With pictures removed, print the listing exactly.

SUPPLIED DATA ->

━━━━━━━━━━━━━━━━━━━━

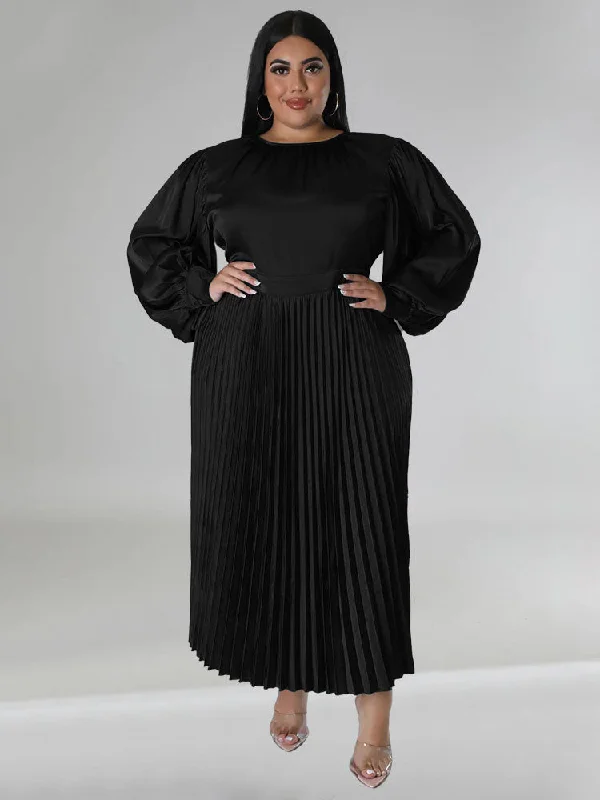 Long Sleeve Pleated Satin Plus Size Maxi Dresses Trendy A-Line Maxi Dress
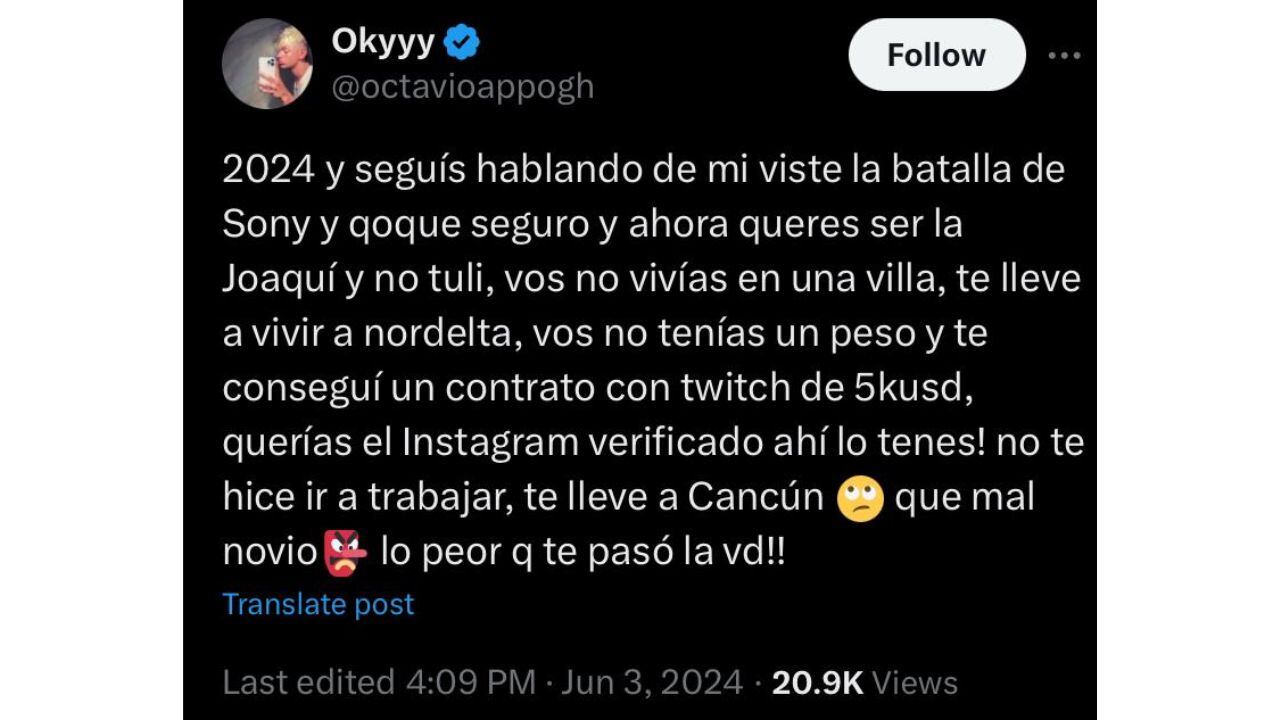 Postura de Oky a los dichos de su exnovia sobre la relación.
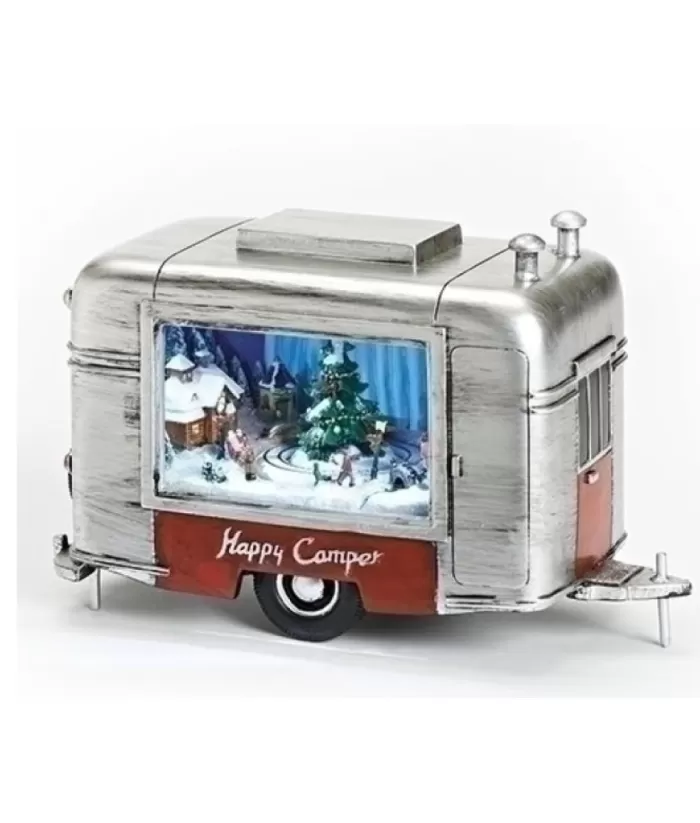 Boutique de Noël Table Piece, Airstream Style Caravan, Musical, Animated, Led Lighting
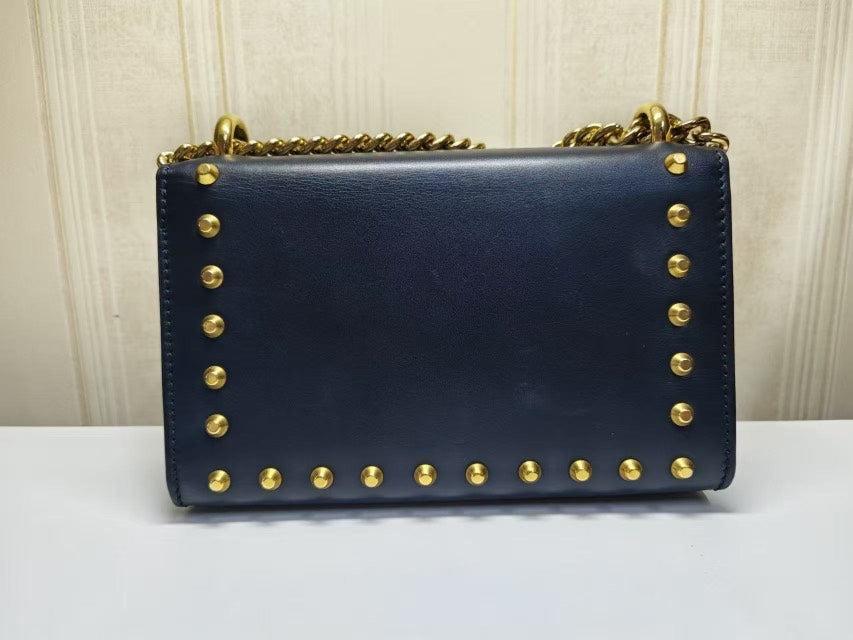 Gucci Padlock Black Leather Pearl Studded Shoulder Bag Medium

━━━━━━━━━━━━━━━━━━━━

EXERCISE RESULT ->
 Long Sleeve Pleated Satin Plus Size Maxi Dresses Trendy A-Line Maxi Dress
 Postura de Oky a los dichos de su exnovia sobre la relación.
 Boutique de Noël Table Piece, Airstream Style Caravan, Musical, Animated, Led Lighting
 Gucci Padlock Black Leather Pearl Studded Shoulder Bag Medium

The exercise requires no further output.